YOUR OBJECTIVE →
Your task is to return, word for word, only the lines from the line with "Printworks puzzle- Art" through the close of the data. Exclude all pictures.
━━━━━━━━
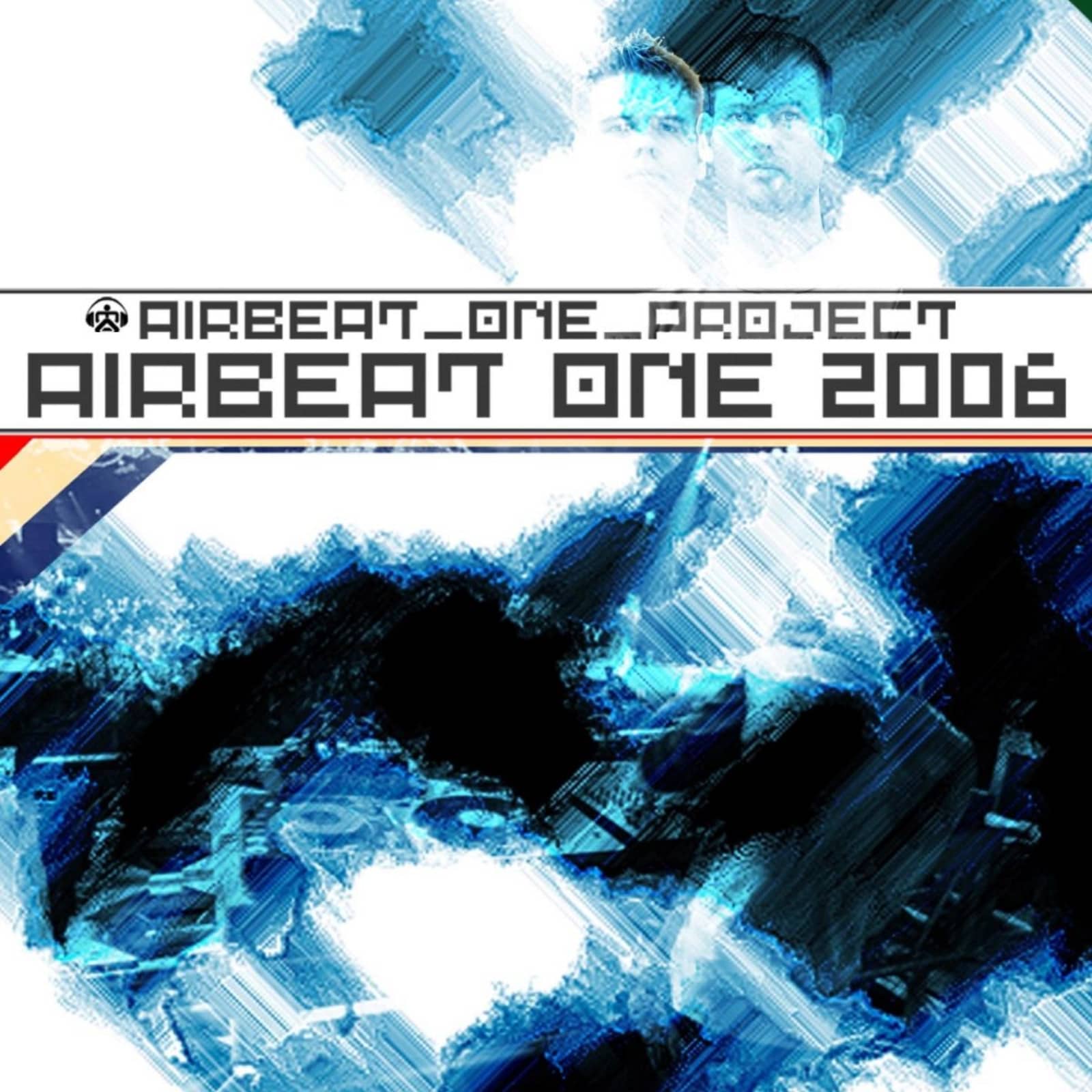 Airbeat One Project — Airbeat One 2006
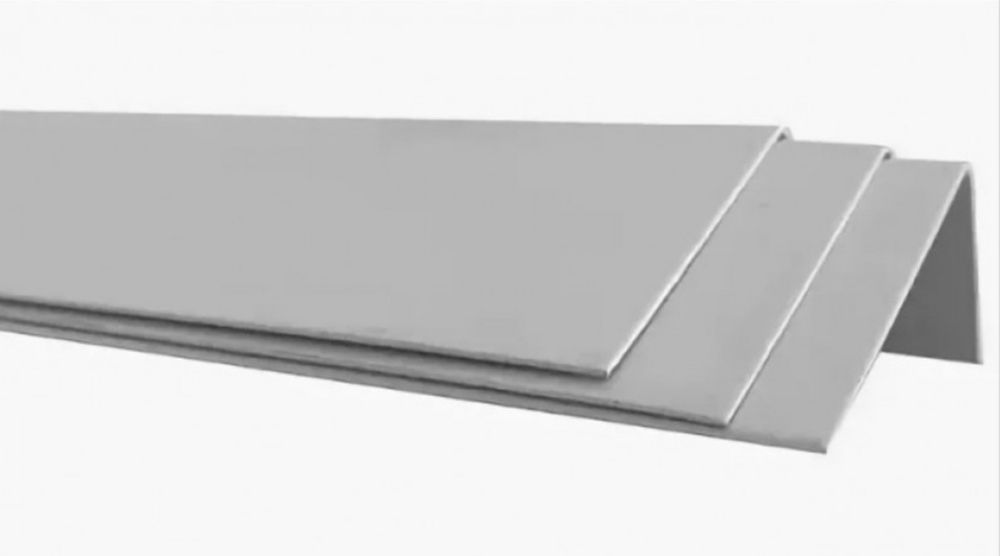 Угол ПВХ для бассейна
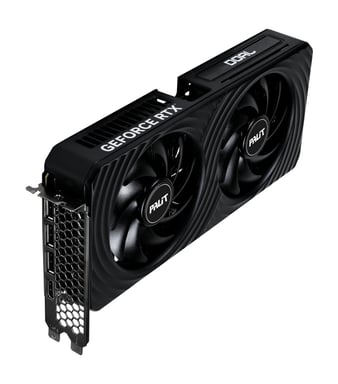 Palit GeForce RTX 5060 Ti Dual NVIDIA 8 Go GDDR7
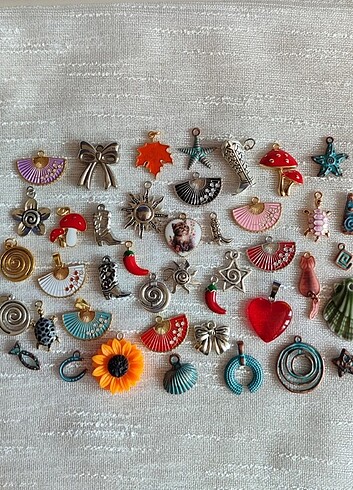American Vintage Kolye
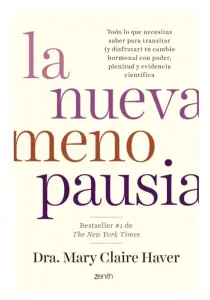 La Nueva Menopausia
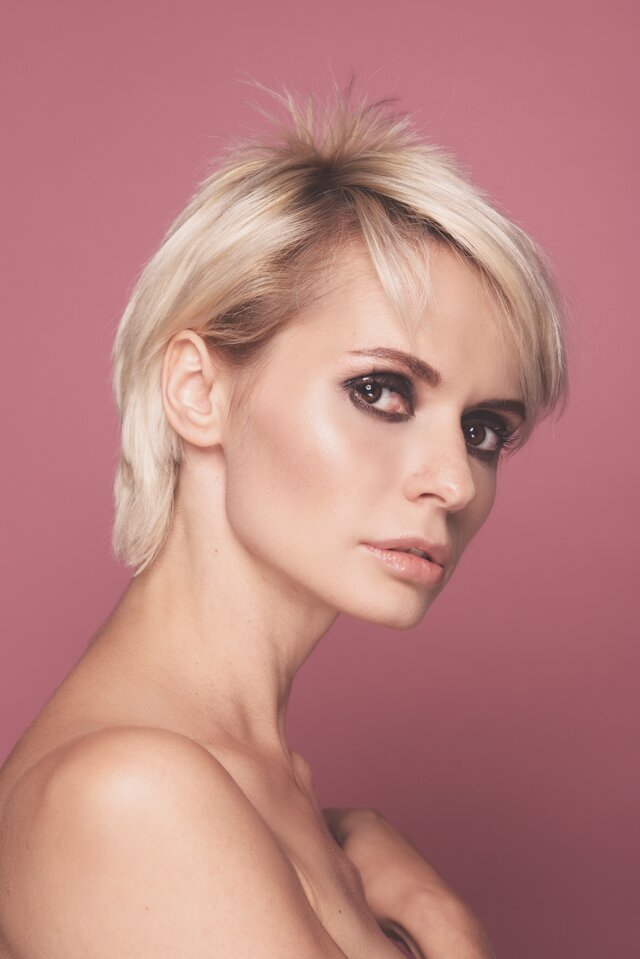 Фото Лилия Lilya Гланц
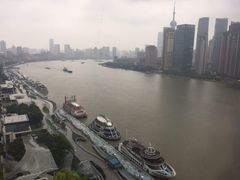 -上海外滩英迪格酒店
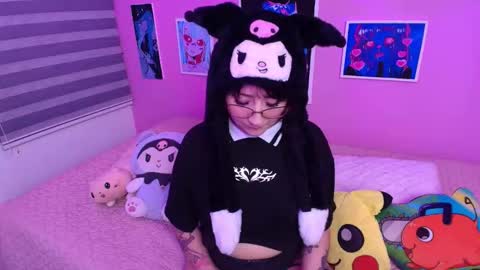  Miwa Violet  online show from 12/14/25, 02:06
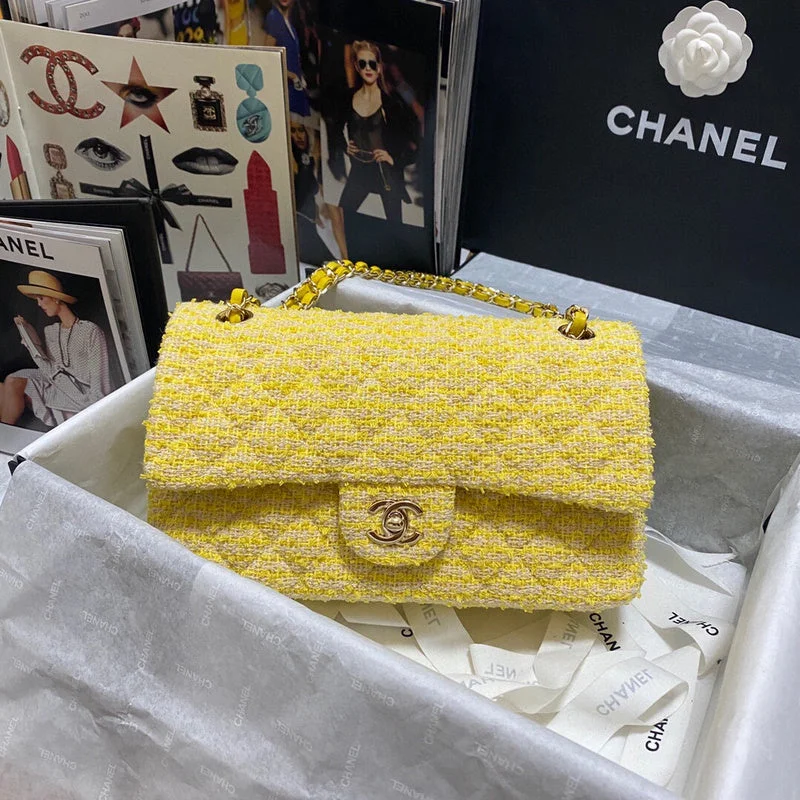 WF - Chanel Bags - 1409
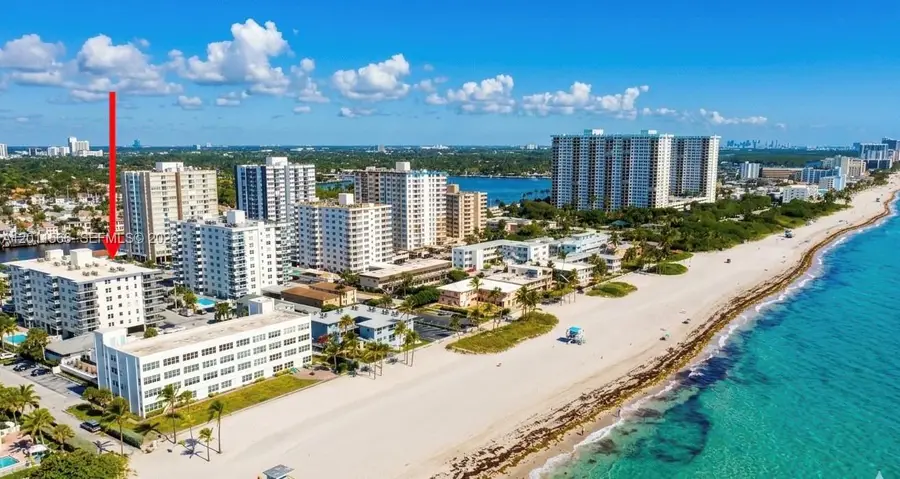 1801 S Ocean Dr #203, Hollywood, FL 33019 - #2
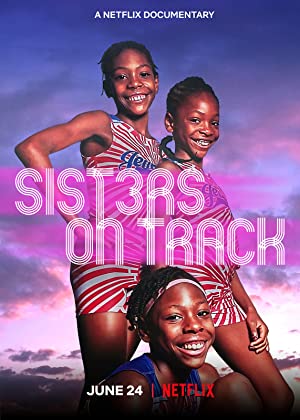 مشاهدة فيلم Sisters on Track 2021 مترجم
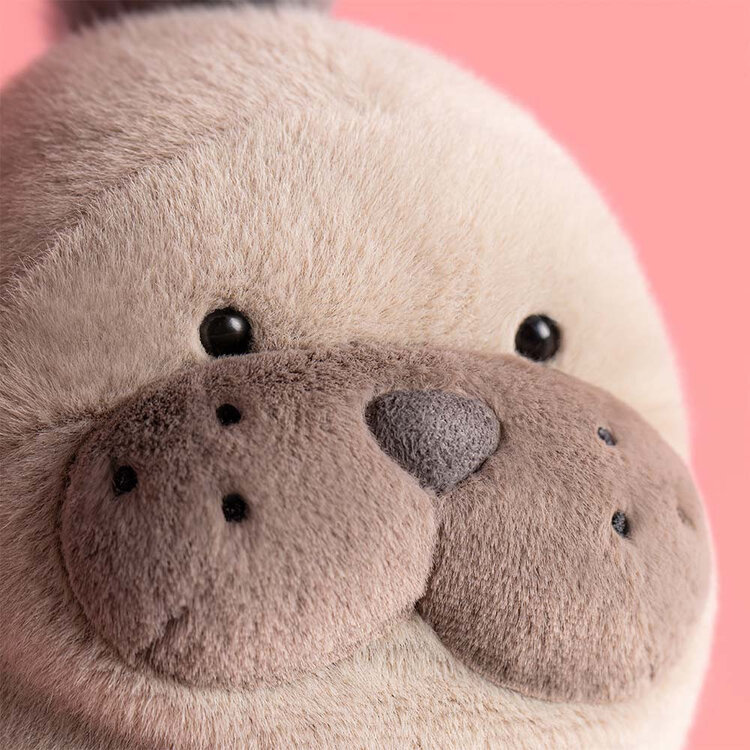 Jellycat Jellycat - Roarwell Sea Lion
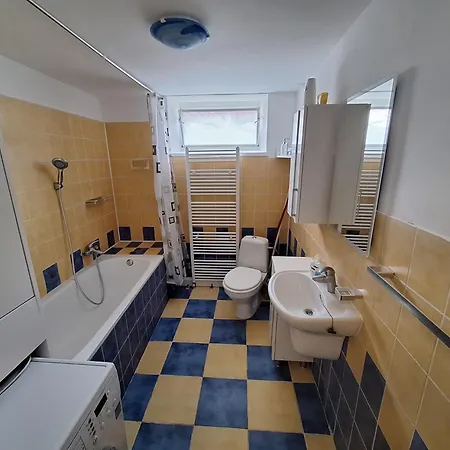 Apartman Banska Bystrica *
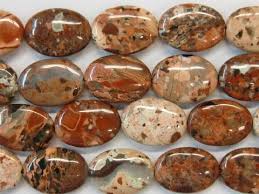 Poppy Jasper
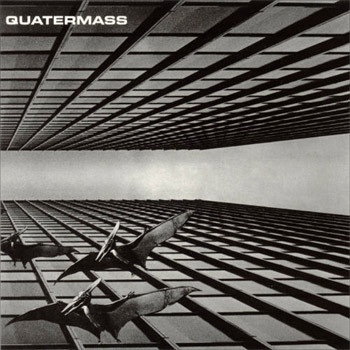Quatermass / Quatermass (LP MINIATURE)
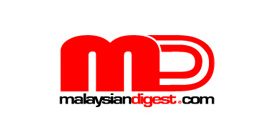 malaysian digest logo
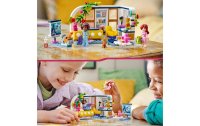 LEGO® Friends Aliyas Zimmer 41740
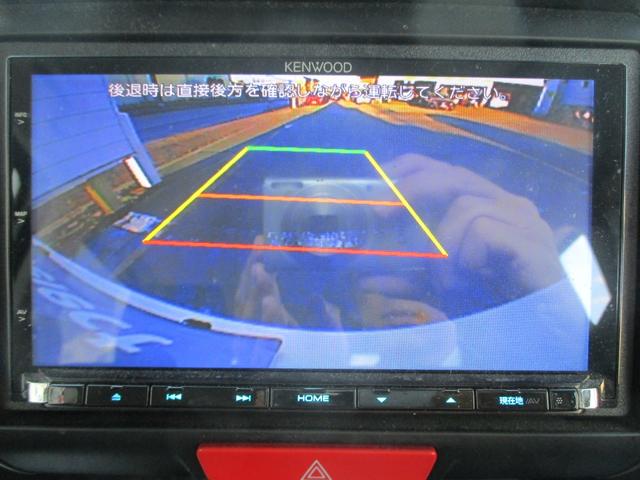 Ｎ－ＢＯＸ ＧＳＳパッケージ　社外ナビ　フルセグＴＶ　ＣＤ　ＤＶＤ　リヤカメラ　ＥＴＣ　左側電動スライドドア　禁煙　ドラレコ　リヤサンシェード　シートバックテーブル　リヤシートスライド　Ｉストップ　両側スライド片側電動ドア　イモビ（13枚目）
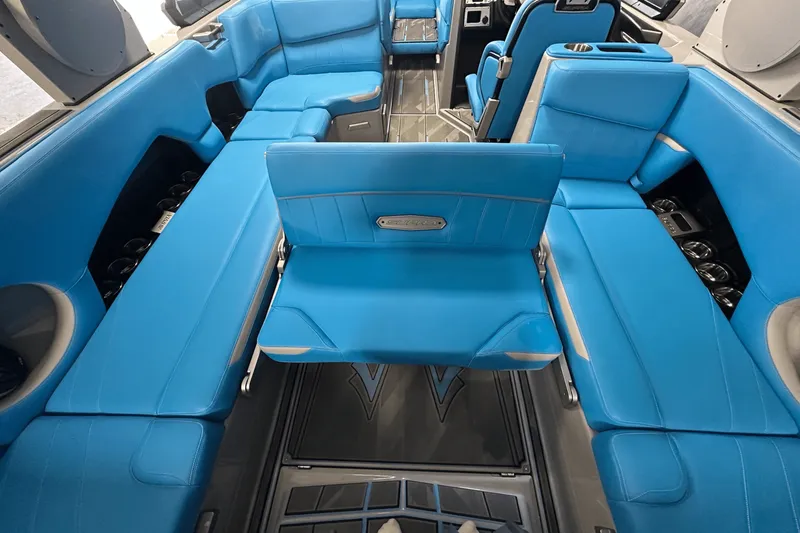 Slide: The Image of Supra SE450 2021 - 29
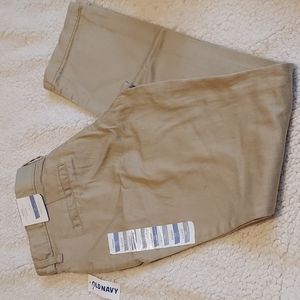 NWT Old Navy Skinny Khakis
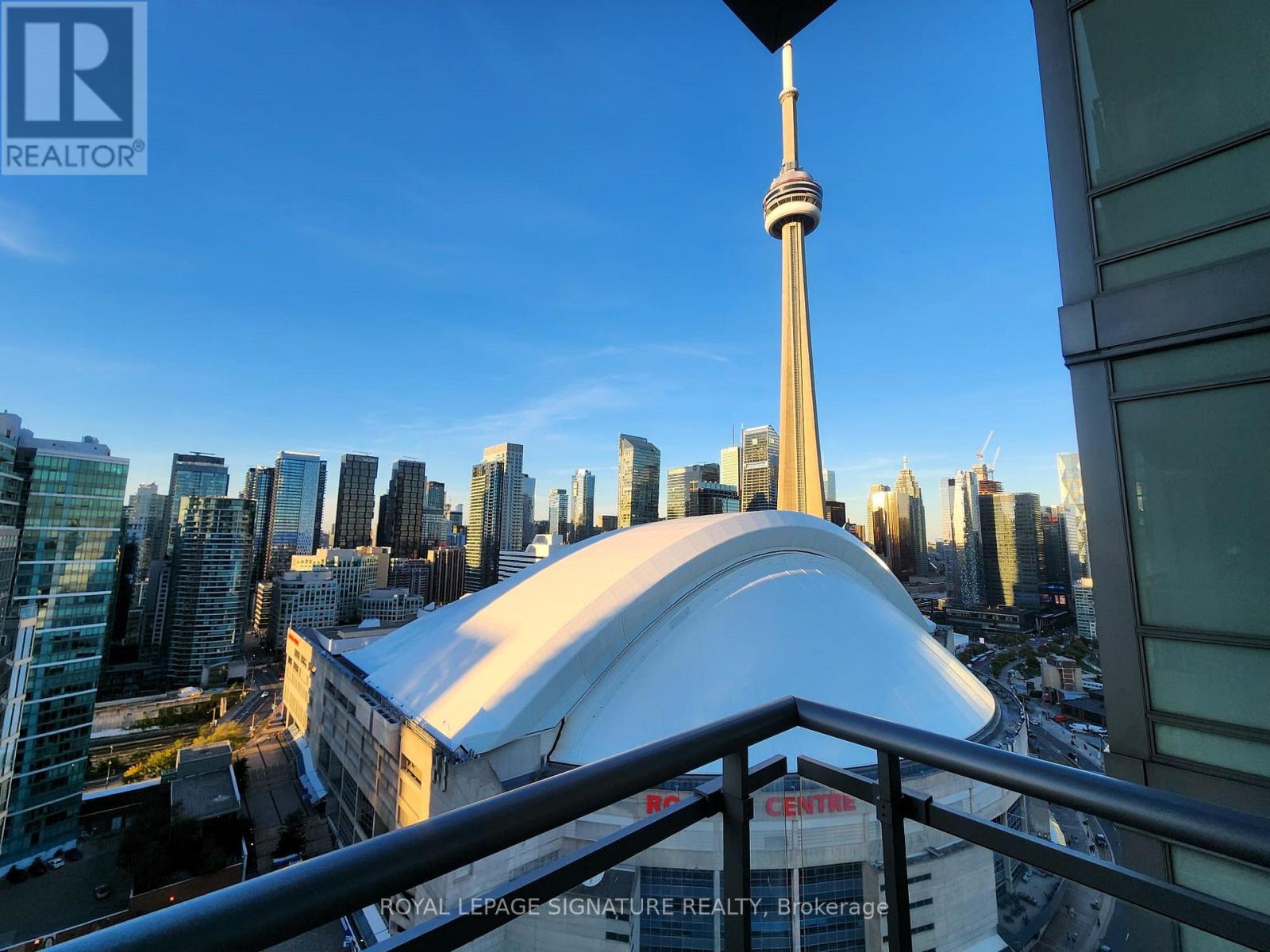 3109 - 5 Mariner Terrace, Toronto, Ontario  M5V 3V6 - Photo 7 - C12881724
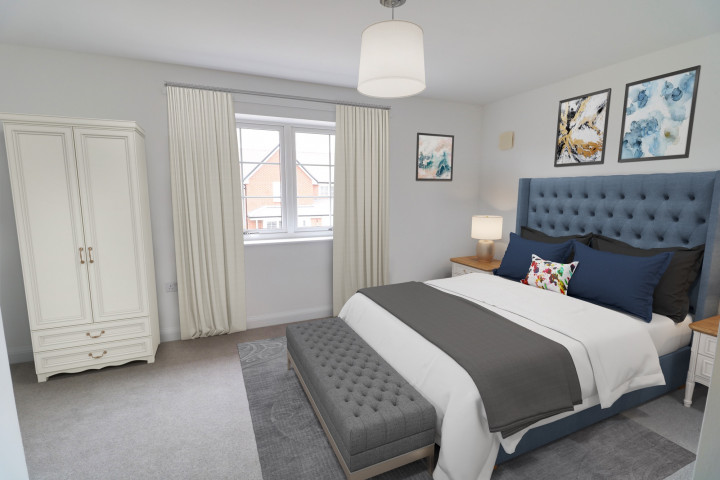 Madgwick Park development gallery image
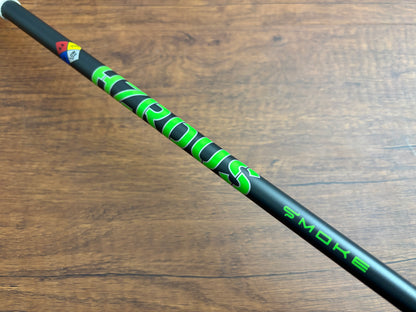 HZRDUS Smoke Shaft 43.5" (Taylormade Tip) / X-Stiff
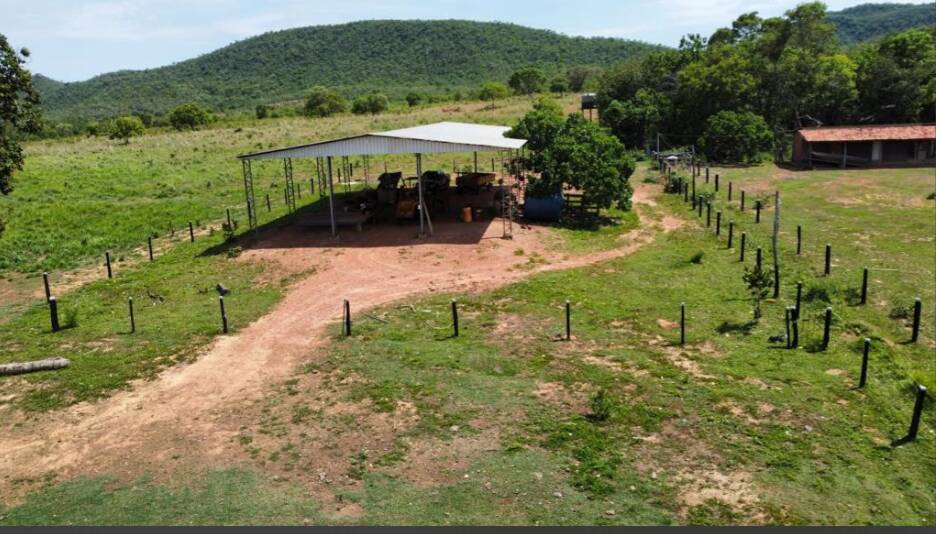 Fazenda à venda com 4 quartos, 14229600m² - Foto 13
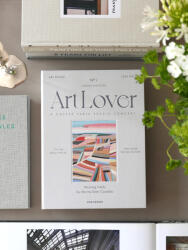 Printworks puzzle- Art Lover - No. 2- Lounge (ZKUKPW00693)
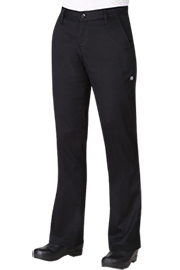 Women's Constructed Stretch Pants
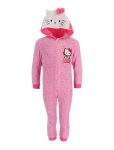 Hello Kitty - Hello Kitty Onesie - Kombinesoonid - 122/128
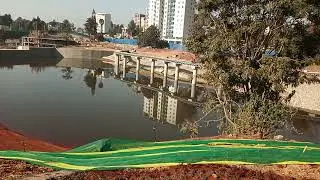 Kebena River Side Project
━━━━━━━━
PROBLEM SOLUTION →
 Printworks puzzle- Art Lover - No. 2- Lounge (ZKUKPW00693)
 Women's Constructed Stretch Pants
 Hello Kitty - Hello Kitty Onesie - Kombinesoonid - 122/128
 Kebena River Side Project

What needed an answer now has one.